Cozzens, James Gould (1903–78), born in Chicago but reared on Staten Island and educated at Harvard (1922–24), where he wrote his first novel,
Confusion (1924), the story of an aristocratic, rebellious French girl. Leaving college to become a tutor in Cuba, he wrote
Michael Scarlett (1925), a historical romance, and gathered background for
Cock Pit (1928), set on a Cuban sugar plantation, and
The Son of Perdition (1929), about a despotic American company official in Cuba. His more mature work begins with the novelette
S.S. San Pedro (1931), based on the mysterious sinking of the
Vestris, followed by
The Last Adam (1933), published in England as
A Cure of Flesh, introducing a representative Cozzens figure and setting in the story of a crusty, heterodox doctor in a rigid Connecticut town.
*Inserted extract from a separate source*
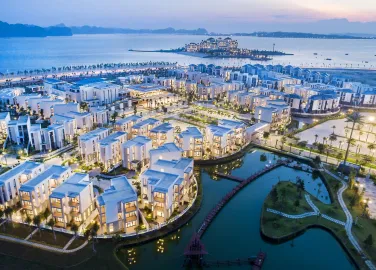 Dự án Sun Grand City Feria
Castaway (1934) is an atypical fantasy, presenting, with seeming realism, New York after a disaster that leaves the sole surviving man wandering in a great department store. The most characteristic novels begin with
Men and Brethren (1936), a study of a liberal clergyman;
Ask Me Tomorrow (1940), about an American in Europe; and
The Just and The Unjust (1942), about a murder trial, for they deal with mature professional men in a stratified society who are called upon to resolve a conflict between the ideal and the possible and who acquiesce in the way things are, without complete loss of principle. This point of view and the tone of detached disenchantment appear most markedly in
Guard of Honor (1948, Pulitzer Prize), about the clash between human and military values at an air force base in World War II; and
By Love Possessed (1957), depicting a lawyer, one of the men of reason, and his involvements in love. Cozzens's last novel,
Morning, Noon, and Night (1968), in presenting the recollections of one man in his sixties also gives a sense of upper‐middle‐class New England life in the 20th century.
Children and Others (1964) collects stories, half of them about boys'r views of their teachers, parents, and other adults.